Der Poet der kleinen Dinge (Marie-Sabine Roger)

Über die kleinen Dinge des Lebens, und dass Behinderung nicht unbedingt etwas mit körperlichen Unzulänglichkeiten zu tun hat.
Alex ist eine Herumtreiberin, die es nirgends lange aushält. Derzeit arbeitet sie in einer Hühnerfabrik irgendwo in Frankreich auf dem Land, aber keineswegs in der Idylle, sondern im tristen, industriegeprägten Umfeld. Sie wohnt privat, die Vermieterin (vermutlich mittleren Alters) richtet die Welt nach ihren Vorstellungen und ist eine typische alles kritisierende Hausfrau, ihr (wahrscheinlich gleichaltriger) Mann hat längst resigniert. (Klischee.) Er hat einen Bruder, Gérard, den Alex Roswell nennt, denn Gérard sieht monströs wie ein Alien aus und ist körperlich schwer behindert (so geboren). Er kann sich auch kaum ausdrücken. Aber sein Gehirn arbeitet gut, und er hat es gelernt, sein Leben von der besten Seite zu sehen. Durch seine unerschütterlich gute Laune und seine schrägen Einfälle, seine Liebe zur Poesie, die er in Gedichten und mit grausam falsch gesungenen Liedern ausdrückt, zeigt er jedem, der ihm zuhören will, worauf es ankommt. Sein Bruder hängt an ihm, behandelt ihn jedoch wie einen Behinderten, und seine Schwägerin sieht ihn nur als nutzloses, nervtötendes und belastendes Anhängsel. Ihr Geduldsfaden reißt, als Roswell bei dem Versuch, sich Popcorn zu machen, die Küche in Brand setzt, und sie plant, ihn heimlich auszusetzen.

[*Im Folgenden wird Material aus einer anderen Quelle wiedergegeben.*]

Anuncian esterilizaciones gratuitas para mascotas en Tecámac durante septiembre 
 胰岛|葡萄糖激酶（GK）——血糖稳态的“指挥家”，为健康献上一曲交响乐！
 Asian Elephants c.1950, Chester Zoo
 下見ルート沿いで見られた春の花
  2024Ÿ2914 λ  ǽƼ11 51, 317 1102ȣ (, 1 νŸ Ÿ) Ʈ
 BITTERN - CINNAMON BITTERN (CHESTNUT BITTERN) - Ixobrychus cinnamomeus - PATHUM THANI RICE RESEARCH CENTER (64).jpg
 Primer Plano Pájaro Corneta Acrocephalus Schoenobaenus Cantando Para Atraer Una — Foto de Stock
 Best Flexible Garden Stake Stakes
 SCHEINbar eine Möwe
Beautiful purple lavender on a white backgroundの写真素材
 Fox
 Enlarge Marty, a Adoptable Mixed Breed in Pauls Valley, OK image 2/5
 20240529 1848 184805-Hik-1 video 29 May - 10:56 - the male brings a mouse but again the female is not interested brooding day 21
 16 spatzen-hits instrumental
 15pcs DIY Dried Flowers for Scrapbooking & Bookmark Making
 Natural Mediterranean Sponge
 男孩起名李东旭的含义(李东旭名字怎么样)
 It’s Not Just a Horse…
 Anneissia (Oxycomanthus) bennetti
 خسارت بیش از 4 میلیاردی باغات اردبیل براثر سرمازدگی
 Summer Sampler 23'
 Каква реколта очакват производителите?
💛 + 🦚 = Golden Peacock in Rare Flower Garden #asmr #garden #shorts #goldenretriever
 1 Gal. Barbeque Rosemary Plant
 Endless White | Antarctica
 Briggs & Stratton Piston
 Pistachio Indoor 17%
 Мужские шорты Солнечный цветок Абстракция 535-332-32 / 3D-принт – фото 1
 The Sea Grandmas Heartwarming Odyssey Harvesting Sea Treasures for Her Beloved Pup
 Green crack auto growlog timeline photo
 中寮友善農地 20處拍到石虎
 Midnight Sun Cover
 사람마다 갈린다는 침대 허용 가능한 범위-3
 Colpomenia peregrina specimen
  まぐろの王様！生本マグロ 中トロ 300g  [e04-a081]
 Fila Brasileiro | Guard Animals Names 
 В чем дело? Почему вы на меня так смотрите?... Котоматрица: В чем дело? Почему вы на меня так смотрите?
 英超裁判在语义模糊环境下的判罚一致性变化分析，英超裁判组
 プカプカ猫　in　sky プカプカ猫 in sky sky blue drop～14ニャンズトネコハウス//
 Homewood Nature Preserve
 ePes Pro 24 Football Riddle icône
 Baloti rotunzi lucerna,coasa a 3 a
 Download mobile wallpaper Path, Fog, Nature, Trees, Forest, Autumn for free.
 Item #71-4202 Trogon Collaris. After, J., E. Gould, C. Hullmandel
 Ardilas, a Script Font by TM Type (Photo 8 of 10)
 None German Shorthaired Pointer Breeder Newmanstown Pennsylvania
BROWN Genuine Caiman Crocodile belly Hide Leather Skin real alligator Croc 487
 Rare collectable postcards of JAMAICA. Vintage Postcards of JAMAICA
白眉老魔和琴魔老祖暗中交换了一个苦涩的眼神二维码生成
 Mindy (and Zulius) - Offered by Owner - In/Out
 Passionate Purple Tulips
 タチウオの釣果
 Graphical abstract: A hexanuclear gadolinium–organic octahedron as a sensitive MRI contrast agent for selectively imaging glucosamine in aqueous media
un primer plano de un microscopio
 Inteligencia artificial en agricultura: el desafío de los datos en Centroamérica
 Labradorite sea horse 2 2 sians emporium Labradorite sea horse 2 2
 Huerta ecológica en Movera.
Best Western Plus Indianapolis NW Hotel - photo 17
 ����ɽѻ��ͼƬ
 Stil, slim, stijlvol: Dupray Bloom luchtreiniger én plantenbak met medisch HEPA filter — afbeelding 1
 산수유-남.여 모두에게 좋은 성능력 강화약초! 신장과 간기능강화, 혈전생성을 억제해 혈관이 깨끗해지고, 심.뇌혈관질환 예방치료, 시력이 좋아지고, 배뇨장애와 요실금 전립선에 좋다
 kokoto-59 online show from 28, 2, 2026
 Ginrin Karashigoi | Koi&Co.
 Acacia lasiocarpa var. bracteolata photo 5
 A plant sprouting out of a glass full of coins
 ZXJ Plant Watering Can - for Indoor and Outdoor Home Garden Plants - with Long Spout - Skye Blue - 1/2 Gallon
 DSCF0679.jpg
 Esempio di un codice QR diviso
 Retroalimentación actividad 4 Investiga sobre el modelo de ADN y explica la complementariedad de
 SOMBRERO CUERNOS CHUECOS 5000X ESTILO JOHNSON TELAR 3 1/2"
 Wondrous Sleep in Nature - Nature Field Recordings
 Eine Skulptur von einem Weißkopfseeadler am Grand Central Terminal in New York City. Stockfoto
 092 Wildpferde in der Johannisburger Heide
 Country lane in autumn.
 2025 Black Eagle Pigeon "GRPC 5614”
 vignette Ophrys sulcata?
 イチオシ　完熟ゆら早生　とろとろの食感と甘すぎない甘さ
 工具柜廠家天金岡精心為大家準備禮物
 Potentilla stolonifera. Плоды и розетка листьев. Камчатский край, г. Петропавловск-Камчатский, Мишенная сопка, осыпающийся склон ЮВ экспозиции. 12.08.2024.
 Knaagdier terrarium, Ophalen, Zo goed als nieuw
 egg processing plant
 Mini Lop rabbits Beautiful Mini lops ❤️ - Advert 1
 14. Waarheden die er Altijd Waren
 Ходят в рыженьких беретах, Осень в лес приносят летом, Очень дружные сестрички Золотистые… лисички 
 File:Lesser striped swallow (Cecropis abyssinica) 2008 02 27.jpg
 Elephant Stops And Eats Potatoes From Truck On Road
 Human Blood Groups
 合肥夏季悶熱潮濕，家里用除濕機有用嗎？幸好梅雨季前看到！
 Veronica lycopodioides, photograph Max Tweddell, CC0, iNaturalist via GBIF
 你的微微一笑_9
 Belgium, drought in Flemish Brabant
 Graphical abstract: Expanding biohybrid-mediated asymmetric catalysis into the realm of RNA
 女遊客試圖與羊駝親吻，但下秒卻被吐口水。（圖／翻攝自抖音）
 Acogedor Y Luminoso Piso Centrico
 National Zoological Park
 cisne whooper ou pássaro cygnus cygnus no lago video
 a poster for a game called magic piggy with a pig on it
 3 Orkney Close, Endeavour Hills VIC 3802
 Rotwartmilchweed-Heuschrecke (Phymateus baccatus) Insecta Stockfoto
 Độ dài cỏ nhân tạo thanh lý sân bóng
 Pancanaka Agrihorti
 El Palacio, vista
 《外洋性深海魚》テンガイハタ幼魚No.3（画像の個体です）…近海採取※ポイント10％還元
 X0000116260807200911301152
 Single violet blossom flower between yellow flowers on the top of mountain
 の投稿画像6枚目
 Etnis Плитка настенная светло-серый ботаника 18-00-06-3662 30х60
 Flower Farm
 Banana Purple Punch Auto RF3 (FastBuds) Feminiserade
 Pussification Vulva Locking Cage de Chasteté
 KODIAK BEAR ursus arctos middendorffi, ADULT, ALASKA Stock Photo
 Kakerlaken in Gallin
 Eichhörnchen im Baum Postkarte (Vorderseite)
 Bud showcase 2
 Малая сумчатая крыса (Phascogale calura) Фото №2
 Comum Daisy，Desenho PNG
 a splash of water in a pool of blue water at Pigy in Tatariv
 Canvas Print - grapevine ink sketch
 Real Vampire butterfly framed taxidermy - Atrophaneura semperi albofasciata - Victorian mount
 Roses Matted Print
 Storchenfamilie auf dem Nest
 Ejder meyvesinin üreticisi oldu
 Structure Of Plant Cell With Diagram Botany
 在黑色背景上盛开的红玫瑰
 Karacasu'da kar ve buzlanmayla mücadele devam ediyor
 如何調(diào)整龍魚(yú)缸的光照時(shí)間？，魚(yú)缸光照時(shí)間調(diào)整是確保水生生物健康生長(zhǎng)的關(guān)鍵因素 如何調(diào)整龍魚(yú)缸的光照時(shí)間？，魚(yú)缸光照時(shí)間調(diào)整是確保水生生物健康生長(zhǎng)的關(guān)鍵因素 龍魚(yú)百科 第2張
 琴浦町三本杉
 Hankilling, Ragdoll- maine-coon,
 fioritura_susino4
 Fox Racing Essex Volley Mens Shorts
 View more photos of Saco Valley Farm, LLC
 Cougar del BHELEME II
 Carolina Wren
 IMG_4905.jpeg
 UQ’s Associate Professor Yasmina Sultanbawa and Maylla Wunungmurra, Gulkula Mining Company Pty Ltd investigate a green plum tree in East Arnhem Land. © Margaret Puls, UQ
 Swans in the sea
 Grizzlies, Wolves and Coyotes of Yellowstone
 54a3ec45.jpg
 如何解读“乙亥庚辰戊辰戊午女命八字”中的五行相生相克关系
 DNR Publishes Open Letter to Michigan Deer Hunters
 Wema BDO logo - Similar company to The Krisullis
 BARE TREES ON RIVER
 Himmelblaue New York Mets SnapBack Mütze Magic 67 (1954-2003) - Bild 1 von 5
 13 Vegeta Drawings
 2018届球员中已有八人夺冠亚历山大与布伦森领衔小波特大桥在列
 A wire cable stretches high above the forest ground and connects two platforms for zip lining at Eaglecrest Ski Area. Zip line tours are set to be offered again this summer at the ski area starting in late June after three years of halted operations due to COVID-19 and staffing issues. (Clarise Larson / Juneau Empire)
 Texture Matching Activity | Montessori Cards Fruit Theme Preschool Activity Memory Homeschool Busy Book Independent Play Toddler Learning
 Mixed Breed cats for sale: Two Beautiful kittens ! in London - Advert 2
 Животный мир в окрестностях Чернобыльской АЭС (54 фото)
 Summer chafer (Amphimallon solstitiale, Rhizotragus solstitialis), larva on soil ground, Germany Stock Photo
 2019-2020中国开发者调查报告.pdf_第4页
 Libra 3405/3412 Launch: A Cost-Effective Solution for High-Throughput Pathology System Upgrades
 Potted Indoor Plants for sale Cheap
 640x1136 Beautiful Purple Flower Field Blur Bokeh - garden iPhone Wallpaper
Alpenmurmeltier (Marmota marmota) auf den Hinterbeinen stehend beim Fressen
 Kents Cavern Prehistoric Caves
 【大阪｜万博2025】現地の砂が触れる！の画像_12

Alex, „behindert“ durch ihre Bindungsunfähigkeit, ist fasziniert von Roswells bodenständiger Lebensphilosophie, und bald zieht der schräge Poet auch noch zwei weitere haltlose und im Prinzip gleichfalls „behinderte“ junge Männer in seinen Bann, denen er plötzlich einen Lebenssinn und Lebensfreude gibt.
Der Beginn ist reichlich zäh, da man keinerlei Vorstellung von den handelnden Personen – vor allem von der Ich-Erzählerin – bekommt, die sich absichtlich den androgynen Namen „Alex“ gegeben hat, weil sie ihre Weiblichkeit auf ihren Reisen lieber versteckt. Obwohl sie schon auf die 30 zugeht, benimmt sie sich eher wie ein Teenager; ebenso übrigens die beiden jungen Männer Olivier und Cédric, die wie Anfang 20 wirken. Ebenso habe ich eine Weile gebraucht, bis ich verstanden hatte, dass aus der Sicht von zwei Ich-Erzählern berichtet wird, das war mir nicht von Anfang an klar.
Roswell als Nebenfigur hingegen ist immer verständlich und nachvollziehbar, die Gedichte werden allerdings nur am Anfang erwähnt, dann leider nie wieder.
Das Ende ist ziemlich holterdipolter, obwohl sich da eine Menge Konfliktpotenzial angeboten hätte, was der Geschichte durch mehr Länge und Tiefgang sehr gut getan hätte. So aber wird plötzlich jemand zur Errettung aus dem Hut gezaubert, und zack, schon wenige Seiten später ist alles eitel Wonne. Schön, dass es ein gutes Ende gibt, aber die Hinführung ist viel zu hastig. Als ob die Autorin sonst den vorgegebenen Seitenrahmen gesprengt hätte, führt sie zu einem abrupten Ende.
Es ist eine recht kurze, leicht lesbare, nicht allzu anspruchsvolle Geschichte, die allerdings mit einigen guten bis äußerst gelungenen Zitatsprüchen aufwarten kann und ein kurzweiliges Lesevergnügen bietet.